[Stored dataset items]
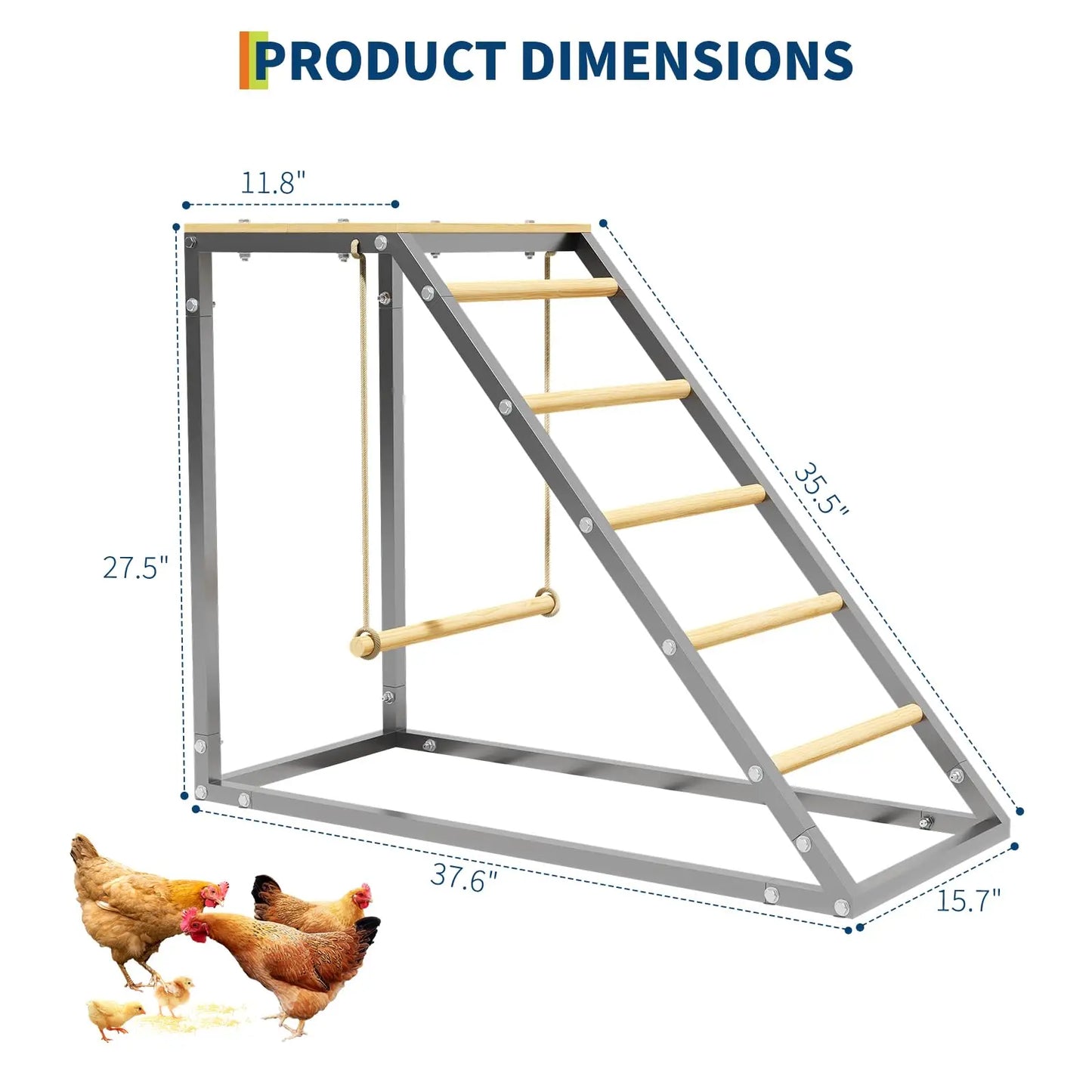 HiMISS Farm Animals Multi-Tier Chicken Roost Galvanized Steel Perch Ladder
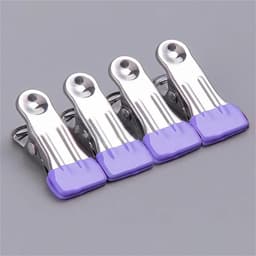 Wasknijpers Roestvrij Staal - Robuuste Klemmen - Kleding Drogen - Corrosiebestendig Ontwerp - 50 Stuks - Paars — thumbnail 3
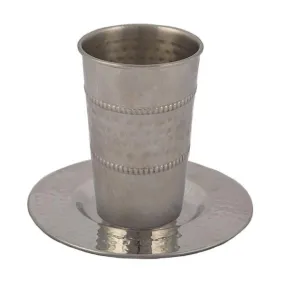 Stainless Steel Kiddush Cup - Hammer Work - Middle Stripe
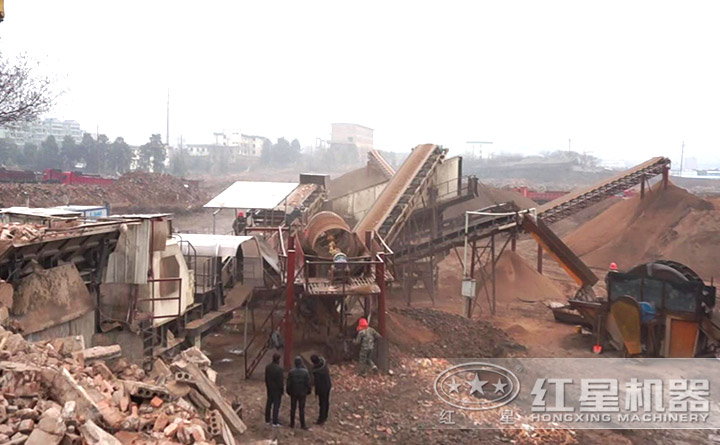 建筑垃圾制砂、洗砂现场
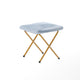 Aqua Fabric/Soft Gold Frame |#| Double Folding Faux Fur Saucer Chair with 2 Ottomans - Dusty Aqua/Soft Gold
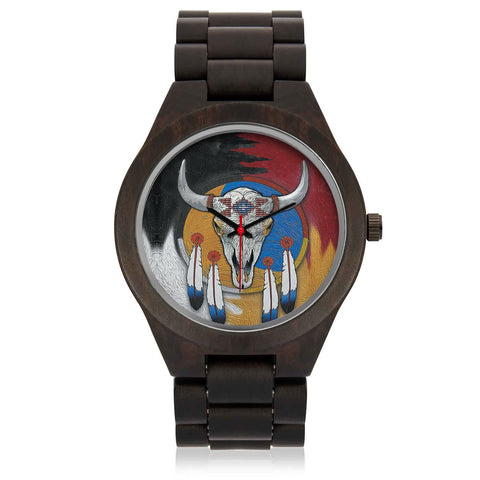 Native American Bison 3D Dreamcatcher Wood Watchs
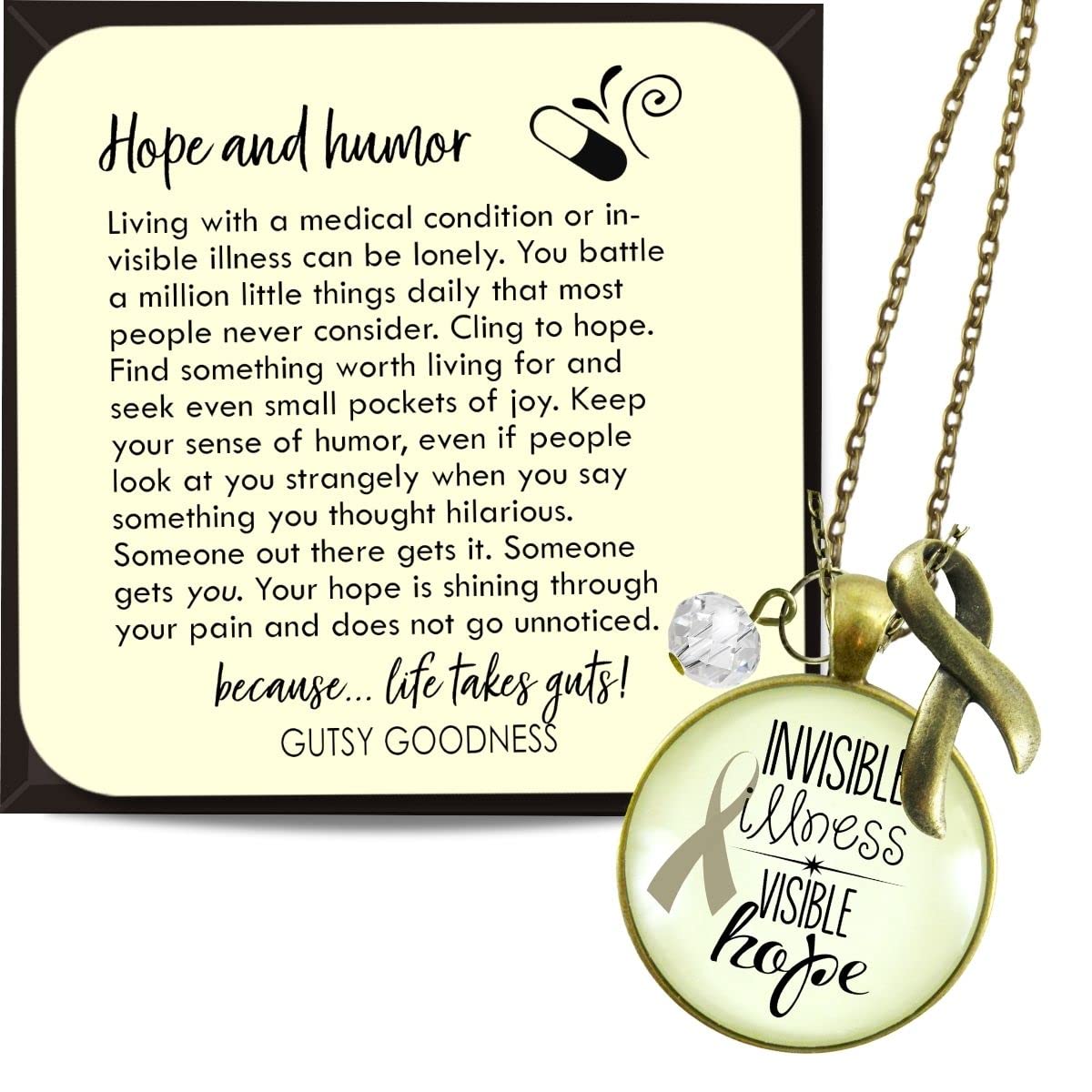 Invisible Illness Awareness Ribbon Necklace - Hope Charm Jewelry 36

**What you should do**. Begin at the top of the records above and retype each line exactly until the line containing "Native American Bison", which is included. Skip all pictures.

**Written response**.
 HiMISS Farm Animals Multi-Tier Chicken Roost Galvanized Steel Perch Ladder
 Wasknijpers Roestvrij Staal - Robuuste Klemmen - Kleding Drogen - Corrosiebestendig Ontwerp - 50 Stuks - Paars — thumbnail 3
 Stainless Steel Kiddush Cup - Hammer Work - Middle Stripe
 建筑垃圾制砂、洗砂现场
 Aqua Fabric/Soft Gold Frame |#| Double Folding Faux Fur Saucer Chair with 2 Ottomans - Dusty Aqua/Soft Gold
 Native American Bison 3D Dreamcatcher Wood Watchs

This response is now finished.